### Task goal
No picture should appear in the copy. Transcribe exactly, and only, the lines from the one with "Caregiver caring for" through the last line of the data below.

### Entries shown
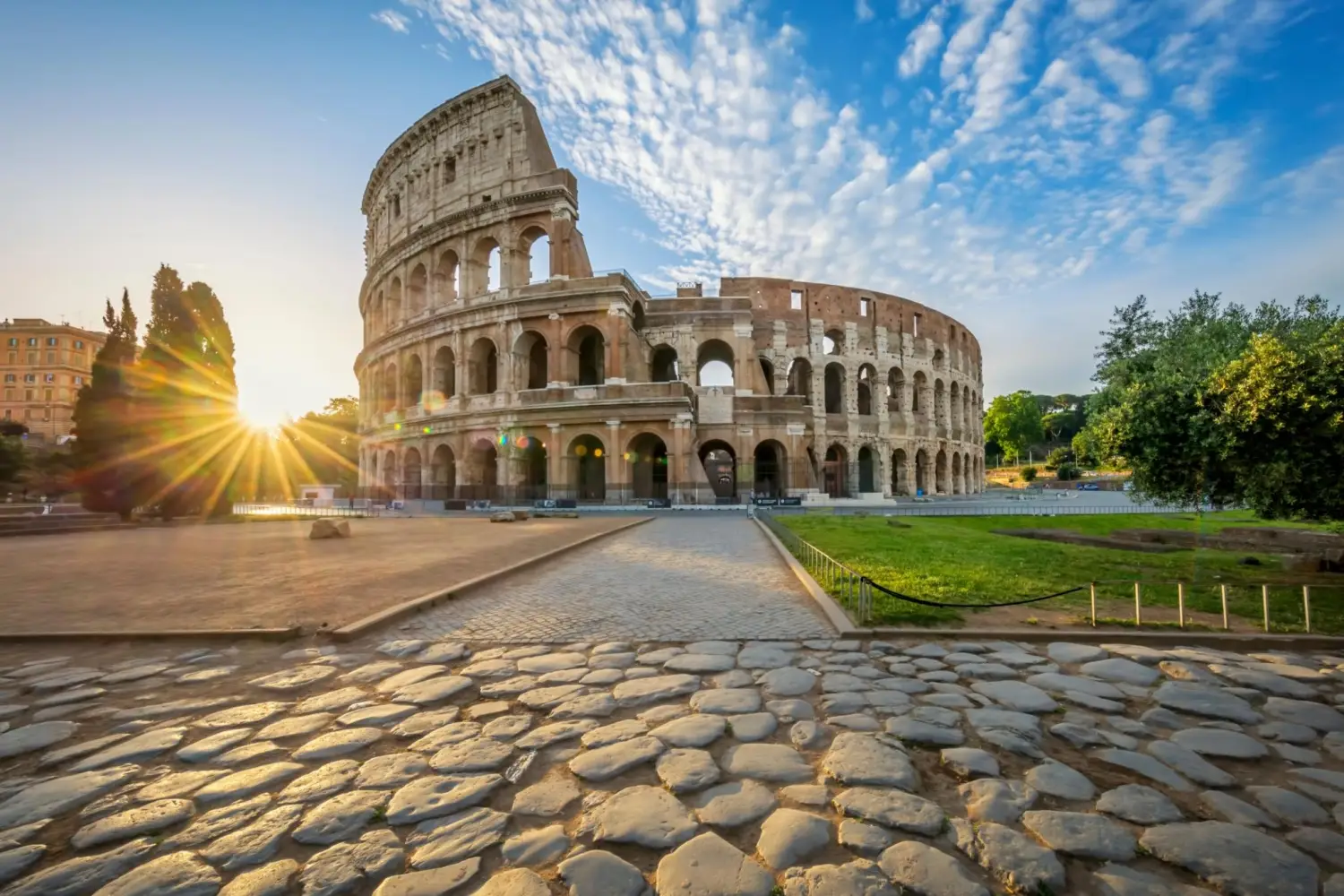Sun shining over the historic Roman Colosseum elliptical amphitheater, Rome, Italy with a stone cobblestone path.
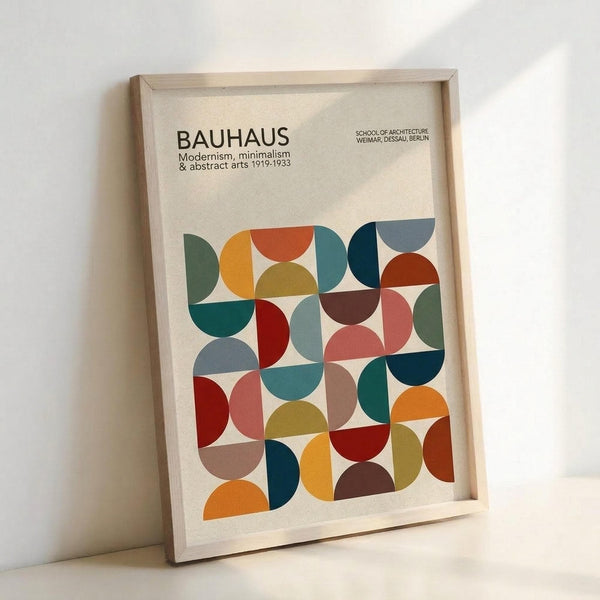 May include: Framed geometric art print in light wood frame leaning against white wall. Design features colorful overlapping semicircles and quarter-circles in earth tones including orange, teal, sage green, burgundy, and mustard yellow on cream background. Text reads "BAUHAUS Modernism, minimalism & abstract arts 1919-1933" and "SCHOOL OF ARCHITECTURE WEIMAR, DESSAU, BERLIN" at top. Modern minimalist home decor styling.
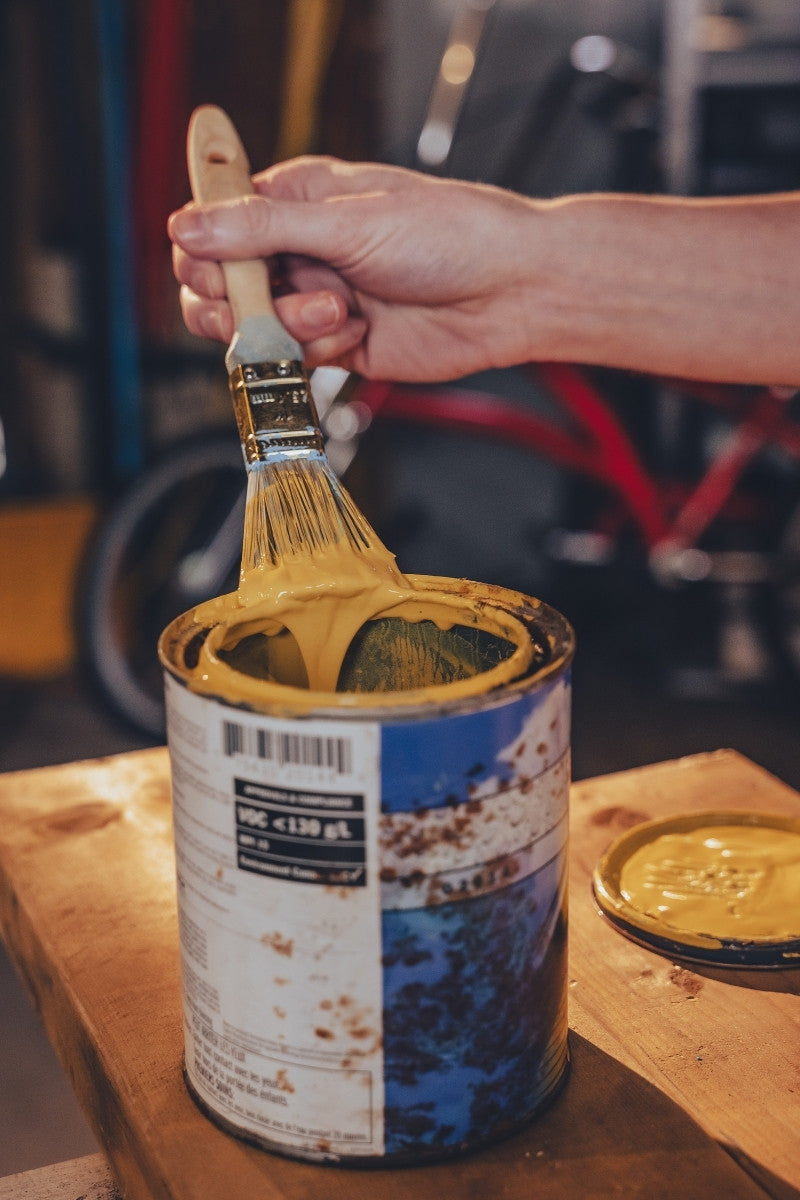 Hand holding a paintbrush over a can of yellow paint on a wooden surface.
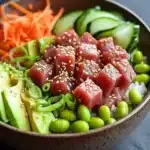 Tuna poke bowl spicy - the image is a close-up of a bowl of food. the bowl is made of ceramic and is placed on a dark grey countertop. the food in the bowl appears to be a salad with various ingredients. on top of the salad, there are sliced cucumbers, sliced carrots, sliced avocado, and edamame. the salad is topped with sesame seeds and green onions. the colors of the ingredients are vibrant and the dish looks fresh and appetizing.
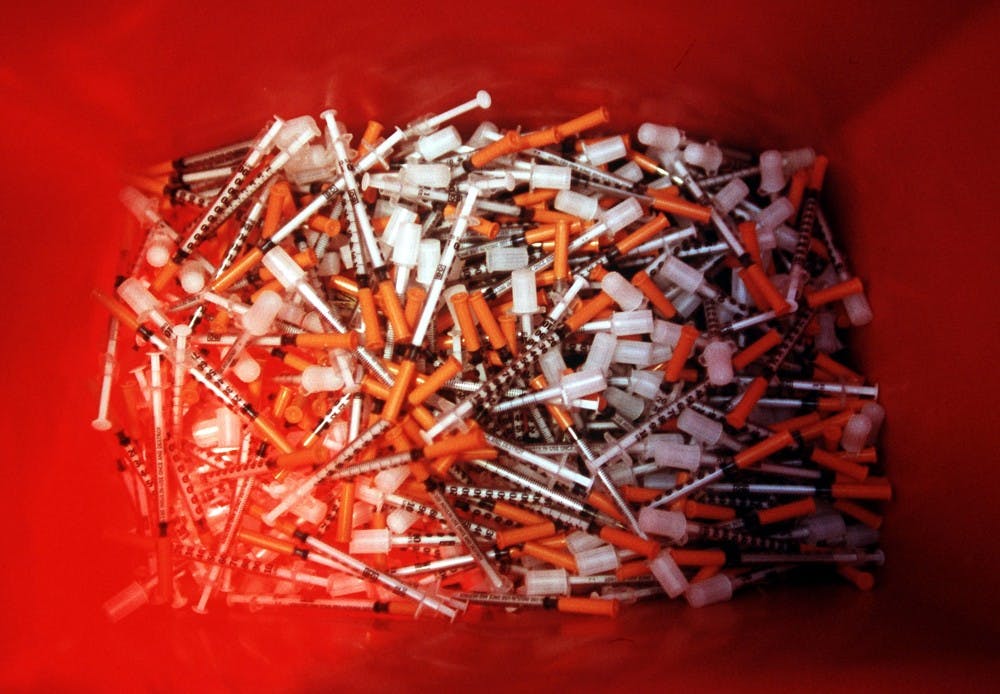 KRT LIFESTYLE STORY SLUGGED: HEALTH-NEEDLES KRT PHOTO BY TODD PANAGOPOULOS/CHICAGO TRIBUNE (September 12) Needles collected by the Chicago Recovery Alliance, one of about three dozen needle exchange programs in the United States. The Chicago program operates for several hours a week at eight different sites in the city. (mvw) 2003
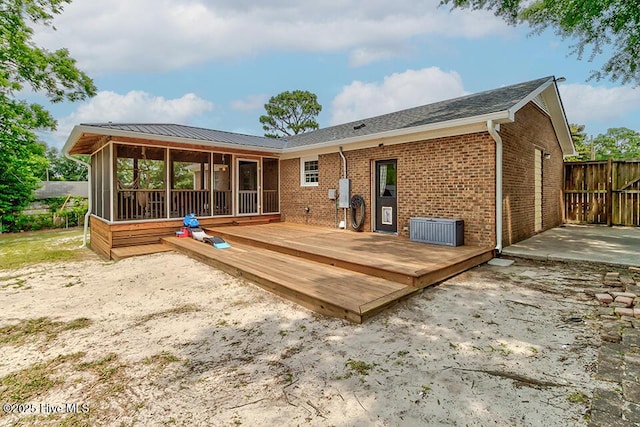 4838 Stillwell Rd, Wilmington, NC 28412 - rear view of house featuring a sunroom, brick siding, and a deck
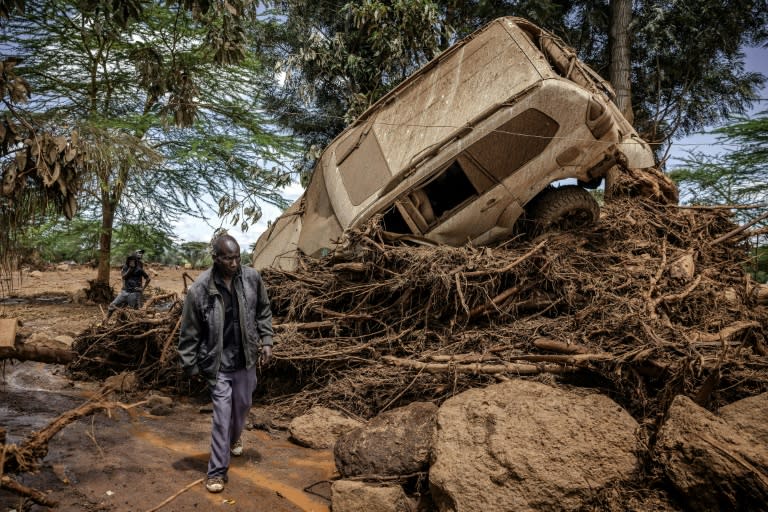 Un homme passe près d'une voiture emportée par l'inondation dans le village de Kamuchiri (Kenya), près de Mai Mahiu, le 29 avril 2024 (LUIS TATO)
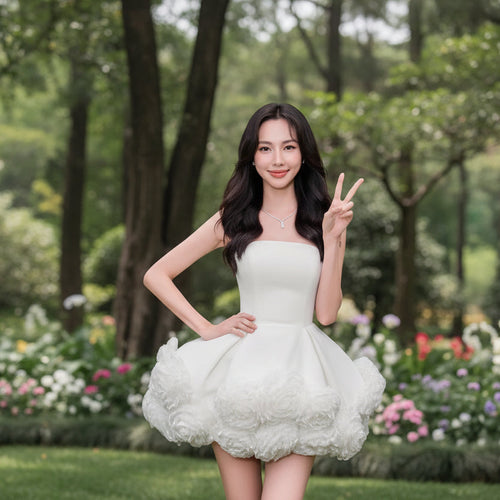 Woman wearing a white dress with floral details on a black background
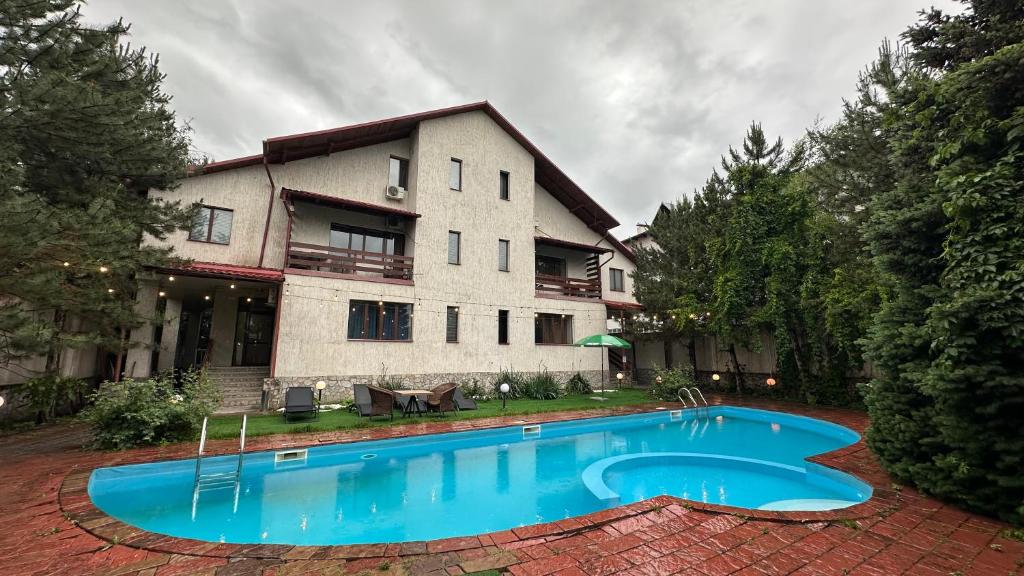 a house with a swimming pool in front of it at Gatsby Ortosay in Orto-Say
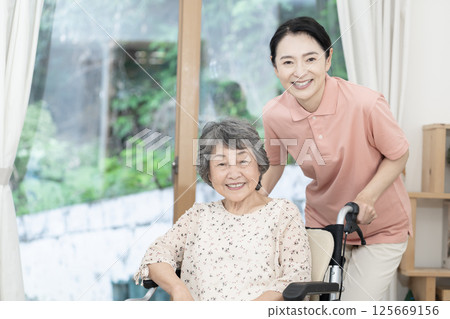 Caregiver caring for a senior woman sitting in a wheelchair 125669156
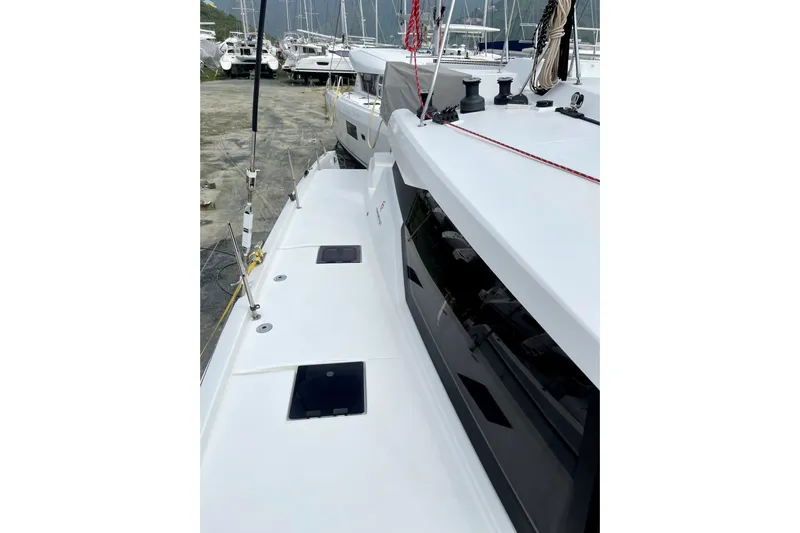 Three Sheets Yacht Photos Pics 2019 Fountaine Pajot Saona 47 catamaran docked, showcasing sleek deck design and modern features.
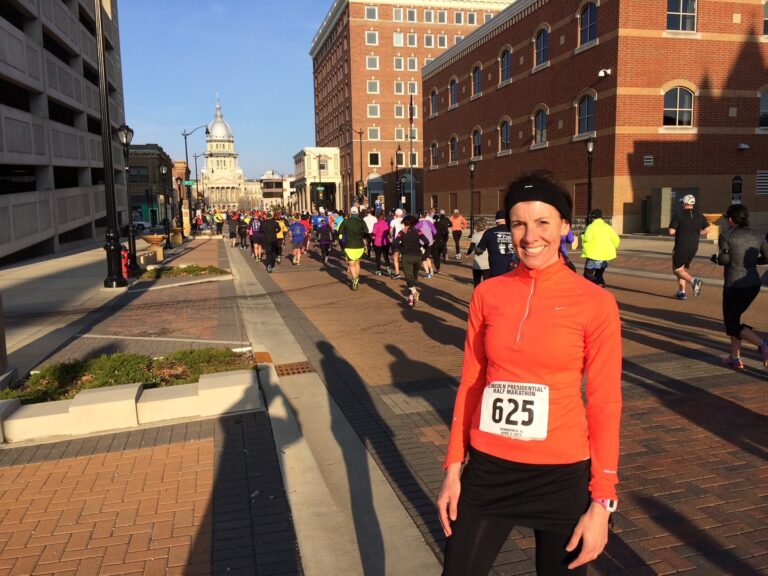 woman in marathon race gear standing in street with other racers behind her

### Exercise response
 Caregiver caring for a senior woman sitting in a wheelchair 125669156
 Three Sheets Yacht Photos Pics 2019 Fountaine Pajot Saona 47 catamaran docked, showcasing sleek deck design and modern features.
 woman in marathon race gear standing in street with other racers behind her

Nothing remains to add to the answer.